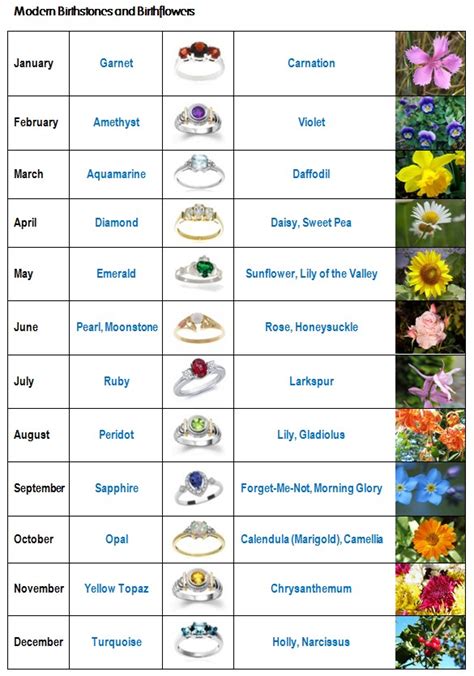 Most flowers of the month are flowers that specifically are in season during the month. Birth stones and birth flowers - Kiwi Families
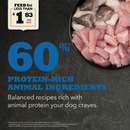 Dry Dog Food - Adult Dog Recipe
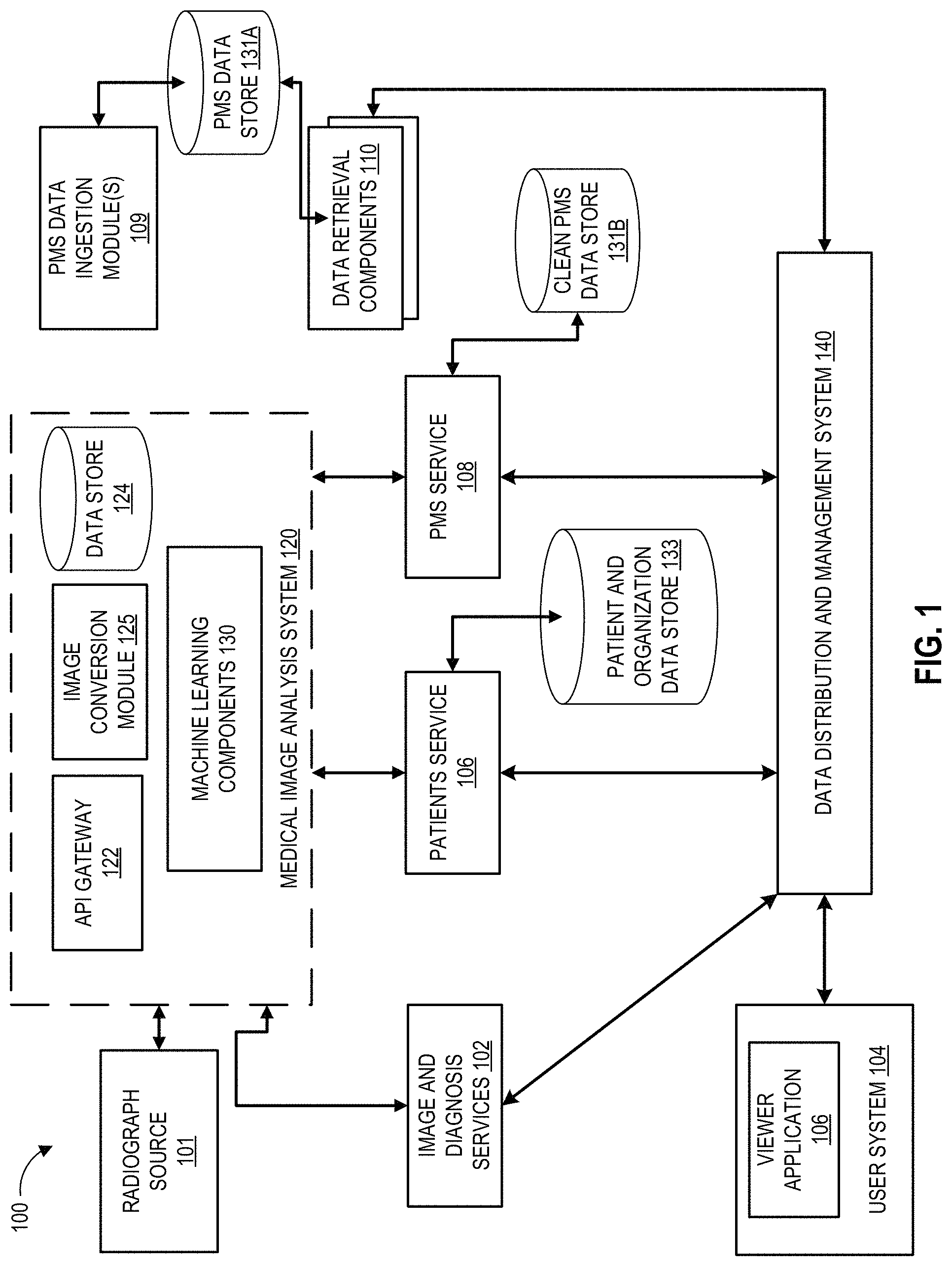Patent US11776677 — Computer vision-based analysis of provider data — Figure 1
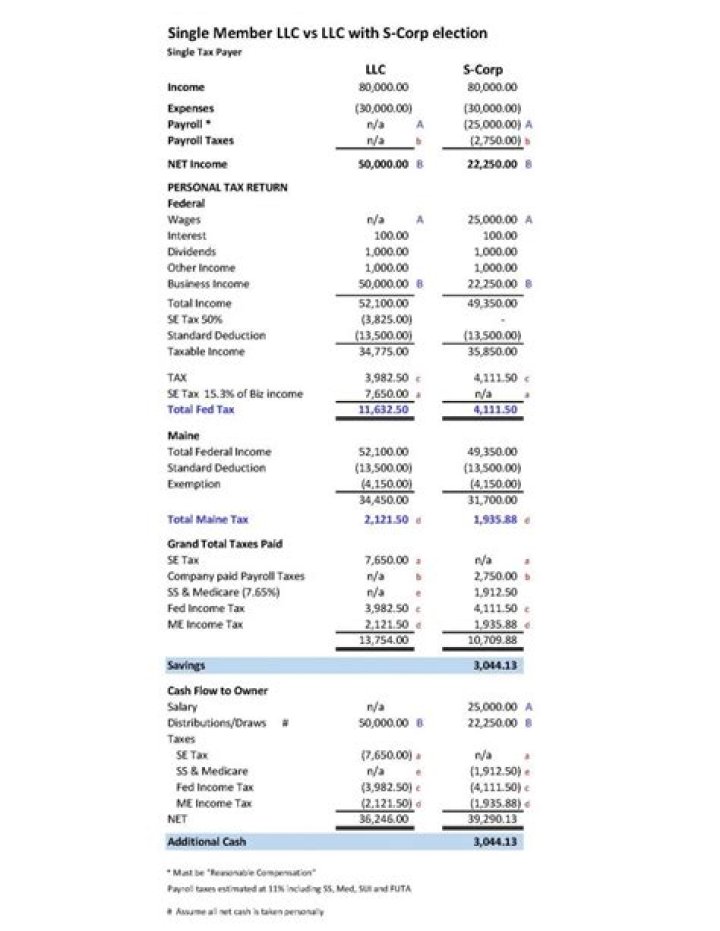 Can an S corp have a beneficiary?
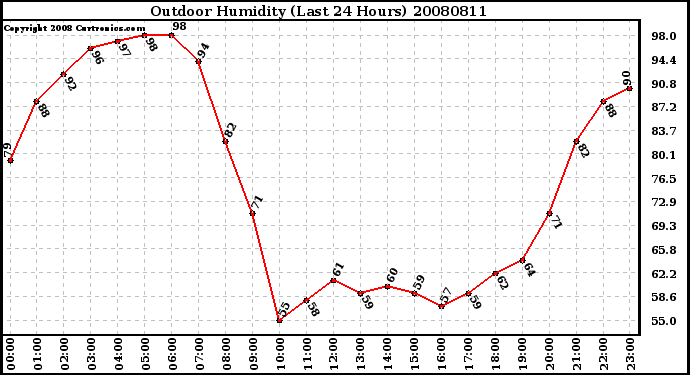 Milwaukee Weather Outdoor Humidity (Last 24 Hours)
□ □ □ □ □
Output nothing but the entries above, exactly, once the pictures are removed.

 Most flowers of the month are flowers that specifically are in season during the month. Birth stones and birth flowers - Kiwi Families
 Dry Dog Food - Adult Dog Recipe
Patent US11776677 — Computer vision-based analysis of provider data — Figure 1
 Can an S corp have a beneficiary?
 Milwaukee Weather Outdoor Humidity (Last 24 Hours)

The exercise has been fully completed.